**Problem**
Given the entries below, would you transcribe exactly the lines starting at the one with "Habitación Doble Estándar" and ending at the one with "Apartament cu 2 camere decomandat în Cedonia", both kept, pictures omitted, nothing extra?

**Information**
Segment Open
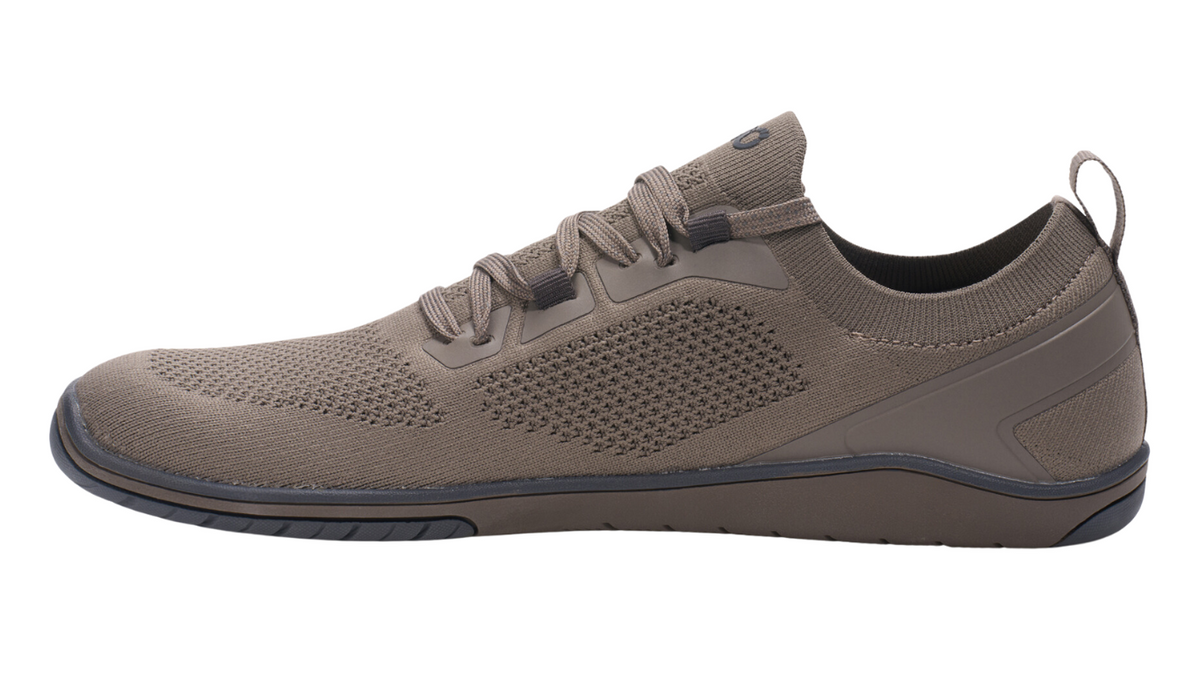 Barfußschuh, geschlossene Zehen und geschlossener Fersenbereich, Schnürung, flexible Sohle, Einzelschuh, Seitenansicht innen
Segment Closed
Segment Open
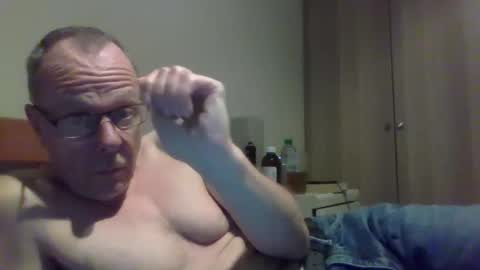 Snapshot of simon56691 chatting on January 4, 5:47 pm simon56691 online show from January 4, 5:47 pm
Segment Closed
Segment Open
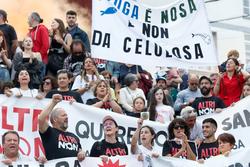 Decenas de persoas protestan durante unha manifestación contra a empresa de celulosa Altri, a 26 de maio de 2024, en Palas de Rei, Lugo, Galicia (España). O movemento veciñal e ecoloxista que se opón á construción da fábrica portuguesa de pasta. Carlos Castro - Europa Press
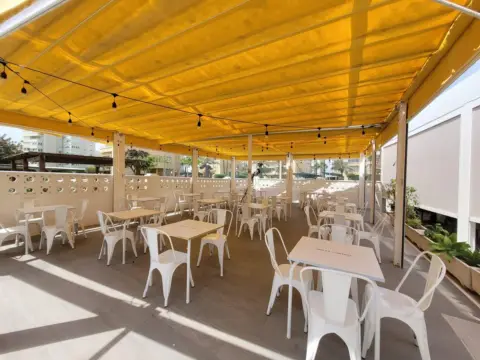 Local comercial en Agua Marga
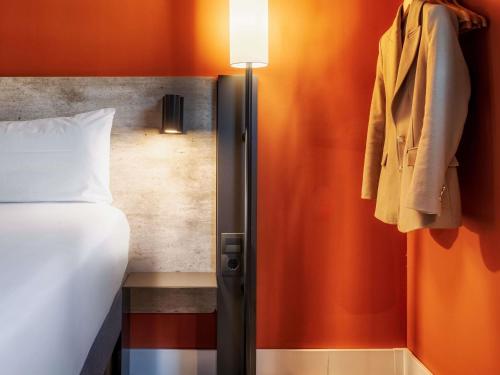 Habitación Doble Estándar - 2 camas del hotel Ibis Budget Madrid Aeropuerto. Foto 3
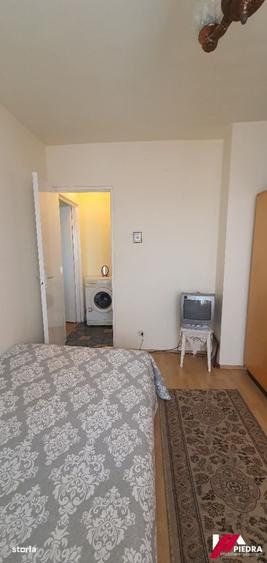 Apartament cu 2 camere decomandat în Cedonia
Segment Closed
**Answer for this exercise**
 Habitación Doble Estándar - 2 camas del hotel Ibis Budget Madrid Aeropuerto. Foto 3
 Apartament cu 2 camere decomandat în Cedonia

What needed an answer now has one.